Hoje observamos e ouvimos no espaço público comentários ofensivos, violência, intolerância, discriminação, indiferença e até agressões físicas e psicológicas, que são «normalizadas». São situações que se verificam em todos os lugares, transportes públicos, escolas, empresas, espaços de lazer, tendo o seu expoente máximo nas redes sociais, pois o digital tem o efeito de desinibir instintos primários.
Também na vida política abunda a falta de respeito pelas pessoas. Quer seja a nível local, quer a nível nacional, a maior parte dos governantes olha para os cidadãos como números, como possíveis votos a adquirir. A ideia de bem comum deixou de fazer parte desta área. O que se passou com os exames nacionais do ensino secundário (que mereceria muitas páginas de comentário…) é a prova mais evidente desta situação: absoluta ausência de respeito por todos, alunos, professores, diretores, em suma, as escolas e todas as pessoas que nelas trabalham.
Para além dos danos pessoais que provoca, tem uma outra consequência: põe em causa a confiança nas instituições e no funcionamento do Estado, ou seja, contribui para corroer a democracia. É um enorme favor oferecido de bandeja à extrema-direita, que vive precisamente disto, da desconfiança em relação às instituições. Como alguém já disse, o que falhou não foi apenas o calendário, foi o respeito, a transparência, a equidade, a verdade, a competência, a previsibilidade e a incapacidade de ouvir o outro e de reconhecer os erros.
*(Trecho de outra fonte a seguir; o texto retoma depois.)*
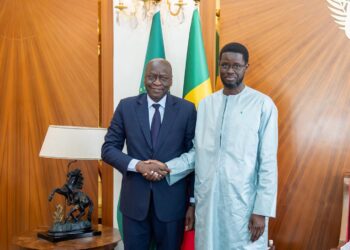 Banque mondiale : 340 milliards FCFA pour soutenir les priorités du Sénégal 4 Banque mondiale : 340 milliards FCFA pour soutenir les priorités du Sénégal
Assim, a ausência de respeito é indissociável do sentido de responsabilidade. Foi também isso que falhou: a capacidade política para assumir responsabilidades por um processo. Ao contrário dos governantes, todos os outros intervenientes, desde logo os professores/as e os diretores/as, manifestaram grande sentido de serviço público e de colaboração para que os danos não fossem maiores. Respeito e responsabilidade, que é o que se espera de todas as pessoas, particularmente de quem tem funções públicas.